Cities of Refuge
Nevertheless, she adds: "Most of the discussion about refugees is what they will do for the economy. I think as a Christian that is the wrong question. How can we say to them, I must live in comfort, so you can't?"
Beyond a doubt, Germany is crucial to the refugee crisis. So long as Germans follow Angela Merkel's lead, and so long as refugees don't become alienated and hostile, a difficult situation can be managed. Germans have great faith in their bureaucracy, that it can digest anything if given time. There has been no repeat of Cologne. No one has seen roving bands of Arab youths looking to assault German women. As to terrorist threats, with or without refugees these remain serious problems.
But what happens if Germany closes its borders to refugees? Already passports are being checked between Munich and Salzburg, Austria, much to the annoyance of locals who have grown used to whizzing across the border.
In Austria I meet Gordy Beck, an American fluent in Farsi. For the past eight years Beck has worked with refugees through the Salzburg Baptist Church. He tells me that before last summer's surge, Austria saw 15,000 refugees a year. In 2015, 90,000 came and stayed; another 690,000 passed through on their way to Germany or Sweden. For its population size, Austria took in more refugees than Germany. Nevertheless, the huge number of refugees passing through took on a much larger prominence. The Salzburg train station became a refugee camp.
I attend a meeting of 19 Salzburg church leaders, in which they share what they are doing with refugees. A common theme is offering German lessons and sharing food and clothing. A number of churches offered Christmas parties—an opportunity to share Austrian culture while also introducing a gospel message. Churches offer help negotiating practical concerns like visits to officials.

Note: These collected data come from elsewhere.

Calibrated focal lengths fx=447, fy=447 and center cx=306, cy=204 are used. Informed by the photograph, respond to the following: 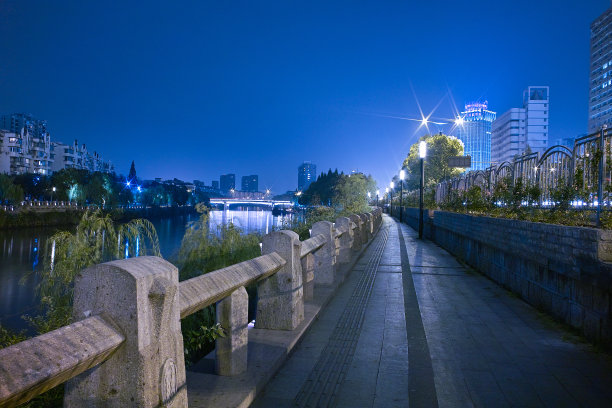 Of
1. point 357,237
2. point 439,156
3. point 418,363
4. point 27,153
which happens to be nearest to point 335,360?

They all want to help, and many are anxious to share their faith. Some churches report a significant interest among refugees in Bible studies. They mention that refugees openly ask questions about Christianity, and that some actively seek a new faith. Consistently, the church leaders express the belief that the situation demands a Christian response. "We can't do business as usual," says one pastor, Martin Heidenreich. "God is doing amazing things."
Bernd Wustl pastors a church of 500 in the German border town of Freilassing. He is a Teddy bear with a full white beard, who worked as an engineer for a local manufacturer before he joined fulltime pastoring at the age of 47. He says that ten years ago his church sensed God directing them to pray on the bridge that links Germany to Austria—the same crossing that Napoleon took to conquer Austria, and that Hitler followed in the Austrian Anschluss. The church held several open-air Sunday services at the bridge over the course of two years, but they never understood why they were praying.
Then in April of 2015 the refugees began to cross that bridge by the tens of thousands. Wustl's church decided to call a conference for all the local churches. "There was an unreal fear. What's happened with Germany? [At the conference] we taught people how to handle fear, so they could be freed for ministry."
The German church has two choices, Wustl tells me. "Either we wake up, open our doors and speak the gospel. Or we close doors, and forget about the German church."
The refugee crisis is a big challenge for Germany, he acknowledges.
"It will cost a lot of money. We need to find a lot of teachers. We are getting a lot of single males. I don't know how it is going to go in the future.
"If you ask me if I have a vision for the future, I say no. But I have a vision for what we should do now."
No refugee wants to get stuck in Eastern Europe or Greece. Their economies are weak; jobs are scare. Since the initial chaos of summer and early fall of 2015, these countries have either closed their borders or become refugee pipelines, adept at moving refugees through to Germany as quickly and painlessly as possible.
Croatians emphasize that they have a natural sense of empathy for the refugees, since they themselves were refugees in the 1990s, when war engulfed their country. It is a theme I hear often, from Germans who remember World War II, from Croatians and Serbians who remember the 1990s conflict, from Greeks who grew up hearing stories about hundreds of thousands of refugees from Turkey in 1922.